RoboPapers

RoboPapers Episode 4: Vision Language Models are In-Context Value Learners

Chris Paxton and Michael Cho — Tue, 15 Jul 2025 00:02:50 GMT

Note: this is an old episode of RoboPapers. I am uploading old episodes of our podcast here to make it easier to find them and to find our reference materials. Please follow the podcast on Youtube or on Spotify.

Value prediction is an important robotics problem, wherein we can determine how useful a state is to the successful execution of a task in the future. The key insight that Jason and his co-authors showed in this paper was simple:

* Large vision-language models already encode a ton of information about task completion from being trained on a wide range of human image and video data

* We can use these on robotics tasks to estimate progress, which is a useful surrogate for the “value” of any individual state.

Here’s the abstract:

Predicting temporal progress from visual trajectories is important for intelligent robots that can learn, adapt, and improve. However, learning such progress estimator, or temporal value function, across different tasks and domains requires both a large amount of diverse data and methods which can scale and generalize. To address these challenges, we present Generative Value Learning (GVL), a universal value function estimator that leverages the world knowledge embedded in vision-language models (VLMs) to predict task progress. Naively asking a VLM to predict values for a video sequence performs poorly due to the strong temporal correlation between successive frames. Instead, GVL poses value estimation as a temporal ordering problem over shuffled video frames; this seemingly more challenging task encourages VLMs to more fully exploit their underlying semantic and temporal grounding capabilities to differentiate frames based on their perceived task progress, consequently producing significantly better value predictions. Without any robot or task specific training, GVL can in-context zero-shot and few-shot predict effective values for more than 300 distinct real-world tasks across diverse robot platforms, including challenging bimanual manipulation tasks. Furthermore, we demonstrate that GVL permits flexible multi-modal in-context learning via examples from heterogeneous tasks and embodiments, such as human videos. The generality of GVL enables various downstream applications pertinent to visuomotor policy learning, including dataset filtering, success detection, and value-weighted regression -- all without any model training or finetuning.

Watch on YouTube

Listen on Spotify

Original post on Twitter/X

Project Site

This is a public episode. If you would like to discuss this with other subscribers or get access to bonus episodes, visit itcanthink.substack.com

RoboPapers Episode 3: Sim-to-Real Reinforcement Learning for Vision-Based Dexterous Manipulation on Humanoids with Toru Lin

Chris Paxton — Mon, 14 Apr 2025 13:00:00 GMT

Sim-to-real training is an important part of the future of robot skill learning. But a lot of sim-to-real work focuses on navigation, grasping, or, more recently, non-interactive robot behaviors like dancing.
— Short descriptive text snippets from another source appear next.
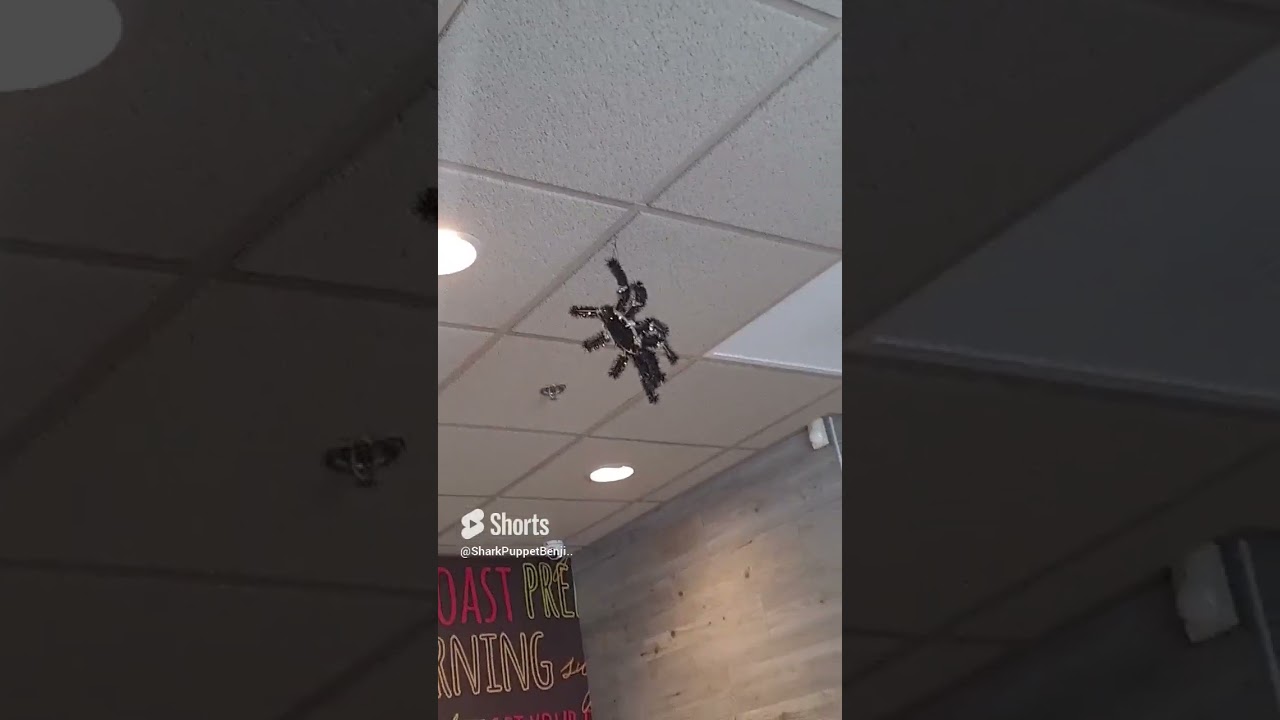 Shark Puppet Benji saw Spider 🕸 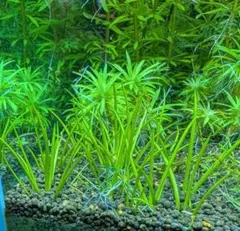 m’z様 リクエスト 2点 まとめ商品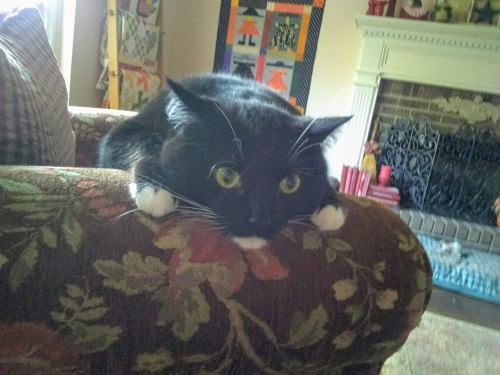 71871087_10218628818086174_537050699331010560_o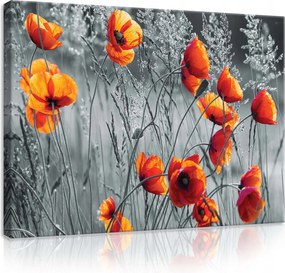 Vászonkép 80x60 Pipacsok piros narancssárga virágok mező nyár természet nyugalom
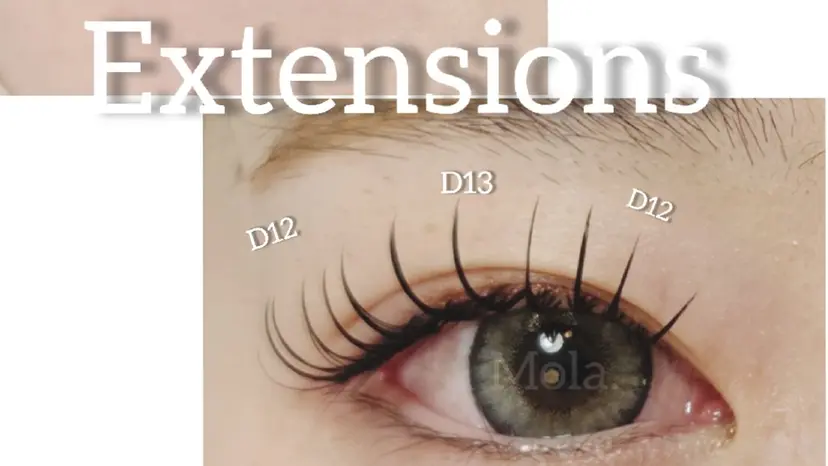 【Mola.】 eyelashの掲載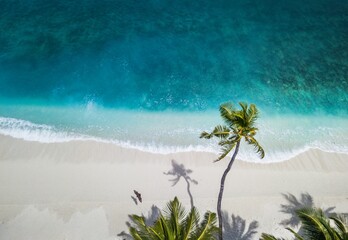 tropical island with palm trees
Training dexterous policies for humanoids is very different, because manipulation is a very hard problem and multi-finger dexterous hands are even more difficult.

Enter this cool work from Toru Lin and colleagues. Their goal is to do long-horizon manipulation with dexterous humanoid robots:

And they discuss what is actually necessary to make this work, which involves things like real-to-sim and reward engineering as well as neural network configuration:

Abstract

Reinforcement learning has delivered promising results in achieving human- or even superhuman-level capabilities across diverse problem domains, but success in dexterous robot manipulation remains limited. This work investigates the key challenges in applying reinforcement learning to solve a collection of contact-rich manipulation tasks on a humanoid embodiment. We introduce novel techniques to overcome the identified challenges with empirical validation. Our main contributions include an automated real-to-sim tuning module that brings the simulated environment closer to the real world, a generalized reward design scheme that simplifies reward engineering for long-horizon contact-rich manipulation tasks, a divide-and-conquer distillation process that improves the sample efficiency of hard-exploration problems while maintaining sim-to-real performance, and a mixture of sparse and dense object representations to bridge the sim-to-real perception gap. We show promising results on three humanoid dexterous manipulation tasks, with ablation studies on each technique. Our work presents a successful approach to learning humanoid dexterous manipulation using sim-to-real reinforcement learning, achieving robust generalization and high performance without the need for human demonstration.

Project page

ArXiv

This is a public episode. If you would like to discuss this with other subscribers or get access to bonus episodes, visit itcanthink.substack.com

RoboPapers Episode 2: Robot Utility Models with Mahi Shafiullah

Chris Paxton and Michael Cho — Thu, 03 Apr 2025 02:37:26 GMT

One of the dreams of robotics research is being able to download and test out a model and have it *just work*. Mahi talks to us about “robot utility models,” which are essentially just this: models that you can download and test out to do useful things like opening a cabinet or picking up a can.

This work is extremely interesting and it shows up in my long post on scaling laws for imitation learning.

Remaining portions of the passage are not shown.